Such an allusion vividly reminds us of one great characteristic of the Bible. It is not the production of cloistered ascetics, but breathes in every page a joyous or meditative intercourse with Nature and mankind. The fields, the hills, the highway, the valleys, the varying details of country scenes and occupations, are interspersed among pictures of life from the crowded haunts of men. The sower and the seed; the birds of the air; the foxes; the hen and its brood; the lilies and roses; the voice of the turtle; the fragrance of the orchard; the blossom of the almond or vine; the swift deer; the strong eagle; the twittering sparrow; the lonely pelican; the stork returning with spring; planting, pruning, digging, and harvesting; the hiring of labourers; the toil of the fisherman; the playing of children; the sound of the mill; the lord and his servants; the merchantman; the courtier in silken robes; and a thousand other notices of life and nature, utilised to teach the highest lessons, give the sacred writings a perennial freshness and universal interest.

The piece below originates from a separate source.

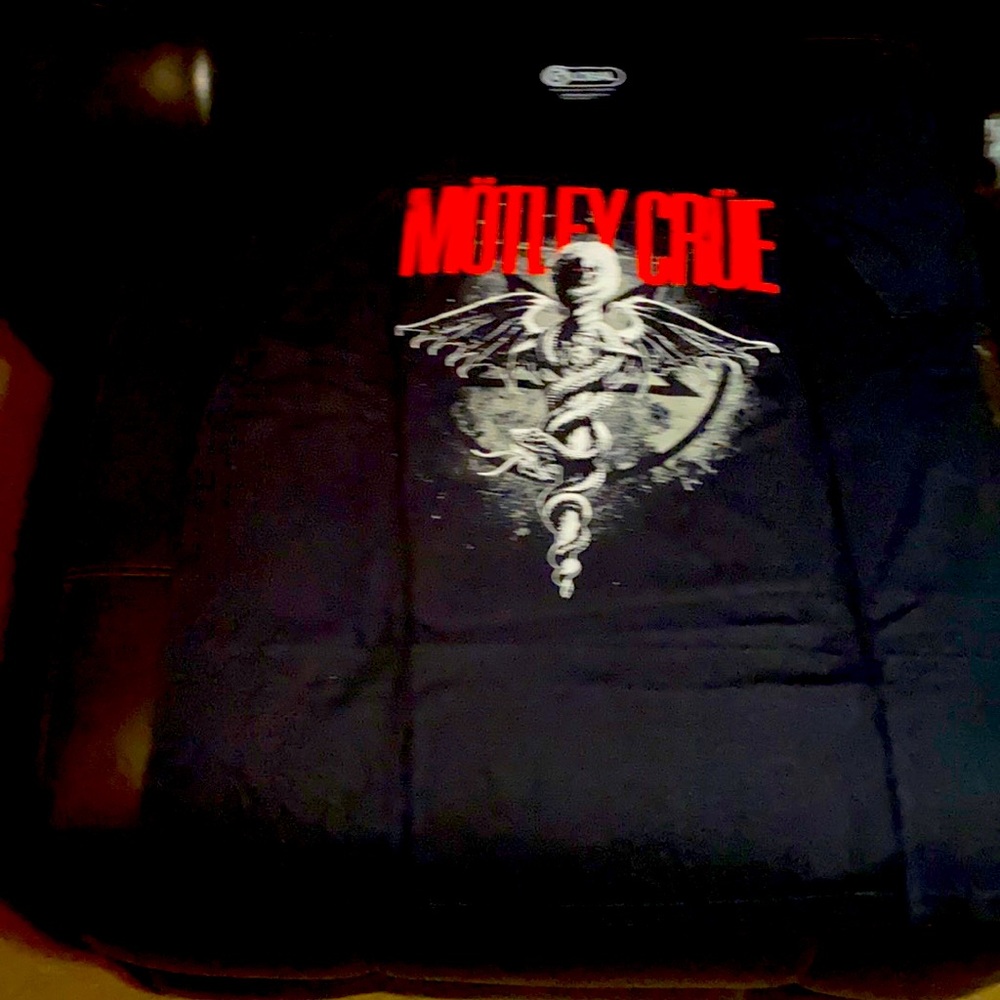 Brand New Men’s Short Sleeve Motley Crew T-Shirt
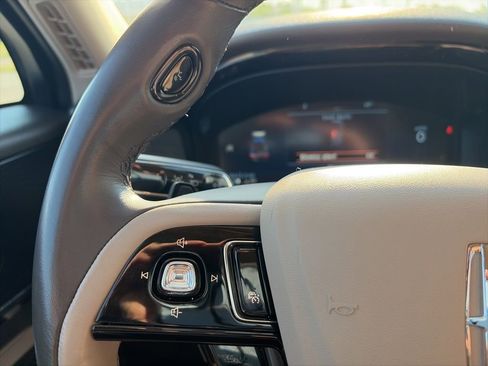 Used 2023 Lincoln Corsair Reserve AWD/4WD image 16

The ruins of Tibneh cover the slopes and crest of a hill surrounded on the north and east by a deep ravine. On the south the hill sinks, in terraces, to a valley formerly covered in part with houses, and marked by a magnificent evergreen oak, one of the finest in Palestine. Following this valley, the last slopes of a hill facing Tibneh are before us; their rocky sides revealing several tombs, the remains of an ancient necropolis. On the top of the height is a small Mussulman village, with several ancient cisterns, and a number of finely-cut stones of ancient masonry built into the modern houses.

The tombs have been hewn out, at different levels, on the northern slopes of the hill, eight being more noticeable than the rest. One, however, is much the most remarkable. Its oblong vestibule, cut in the rock, is supported by four pillars: two, at the side, half separated from the hill; the others, in the centre, entirely so. They have no capitals, and are ornamented at their tops only by a few simple mouldings. Immediately behind them, the face of the rock, forming the front wall of the tomb, is pierced by no fewer than 288 small openings, in eight rows; some square, others triangular, but most half-circles, made in former days as recesses in which to place a burning lamp, in honour of the illustrious dead. At the right of this frontage of rock is the low and narrow entrance to the tomb, leading into a chamber, in the walls of which are fourteen excavations for as many occupants. On the south, facing the door, a broader entrance, cut through the rock, leads to the innermost chamber—the place of honour—and in this there is only a hollow for one corpse. It must have been the last resting-place of the chief of the pale assembly here gathered in their last home; the outer graves being those of his family.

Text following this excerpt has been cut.